Marcelo Jacobs-Lorena
Johns Hopkins - Bloomberg School of Public Health
Title: What Peptides Taught Us About the Life Cycle of the Malaria Parasite

Location: CABM Room 010
Seminar Host: CABM

 
November 14, 2018

Sagar Khare
Rutgers University
Title: Supervised Learning of a Viral Enzyme Substrate Specificity Landscape Using Deep Sequencing and Molecular Simulations

Location: Proteomics Room 120
Seminar Host: Sijian Wang

 
November 28, 2018

Wei Dai
Rutgers University
Title: Understanding Diatom Thylakoid Architecture by Cryo-Electron Tomography, Automated Annotation and Proteomic Analysis

Location: Proteomics Room 120
Seminar Host: Stephen Burley

The complex evolutionary history of photosynthetic organisms has led to an immense diversity in photosynthetic characteristics and behavior. These changes had been induced by the interplay between environmental factors and the organisms’ physiological needs, often reflecting the biogeochemical history of Earth. Diatoms are a highly successful algae taxon, responsible for about 25% of the world’s photosynthesis. They are secondary symbionts of the “red” algae lineage characterized by a photosynthetic plastid with loosely appressed thylakoids that lack the grana stacking organization evident in the green lineage. Currently, little is known about the macromolecular arrangement of the photosynthetic machinery in diatoms. Here, we integrated proteomic analysis with phase contrast cryo-electron tomography to unravel the molecular architecture of diatom thylakoid membranes, and to resolve 3D structures and dynamics of photosynthetic protein complexes. Although there is no obvious spatial differentiation of diatom’s thylakoid membrane, photosystem II (PSII), the photosynthetic complex catalyzing the light-induced water splitting, exists in two, interchangeable forms, and is heterogeneously distributed on the loosely appressed layers of thylakoids, forming patches of possible functional units. The first form, the holocomplexes, was found to form loose clusters and may serve as anchor points to retain layering of the thylakoid.

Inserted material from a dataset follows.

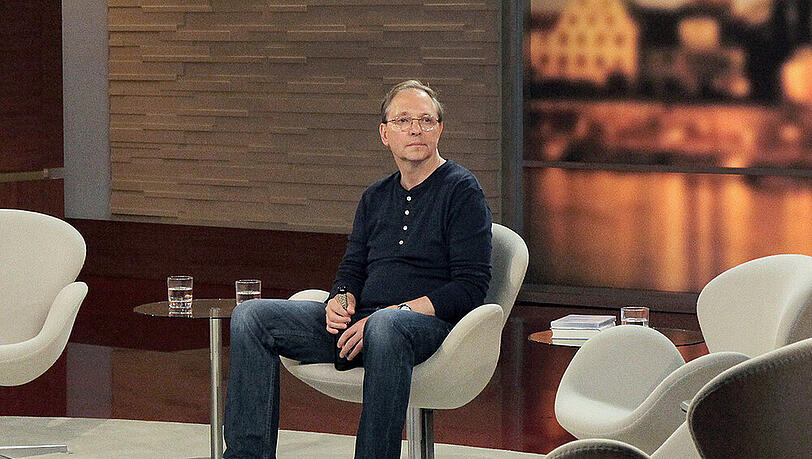 Der Spaßmacher und "das Versprengte": Am Samstag ist Olli Dittrich in einer Talkshow-Persiflage im Ersten zu sehen Der Spaßmacher und "das Versprengte": Am Samstag ist Olli Dittrich in einer Talkshow-Persiflage im Ersten zu sehen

A more compact form of PSII that is consist of core subunits only assembled into tightly packed 2D crystalline arrays in the open region of the membrane. These observations strongly suggested that diatoms have evolved to spatially segregate their photosynthetic complexes to optimize their photosynthetic electron transport. These structural results underscore a convergent evolution between the “red” lineage diatoms and the “green” lineage higher plants towards a similar functional distribution of protein complexes despite different evolutionary origin and unique thylakoid structural organization.
  December 5, 2018

TBD

Location: CABM Room 010
Seminar Host: CABM

 
December 12, 2018

Biju Parekkadan
Rutgers University
Title: Building High-Throughput Expression Libraries From Genomes

Location: Proteomics Room 120
Seminar Host: Stephen Burley

 With an increasing amount of genetic content being discovered every day, a complimentary technology is required to express genomic regions for functional testing. Here, we present long adapter single stranded oligonucleotides (LASSO) as tool to capture and clone genomic regions in a massively parallel manner. Development of LASSO technology and proof of concept applications in cloning a protein library from the human microbiome will be described.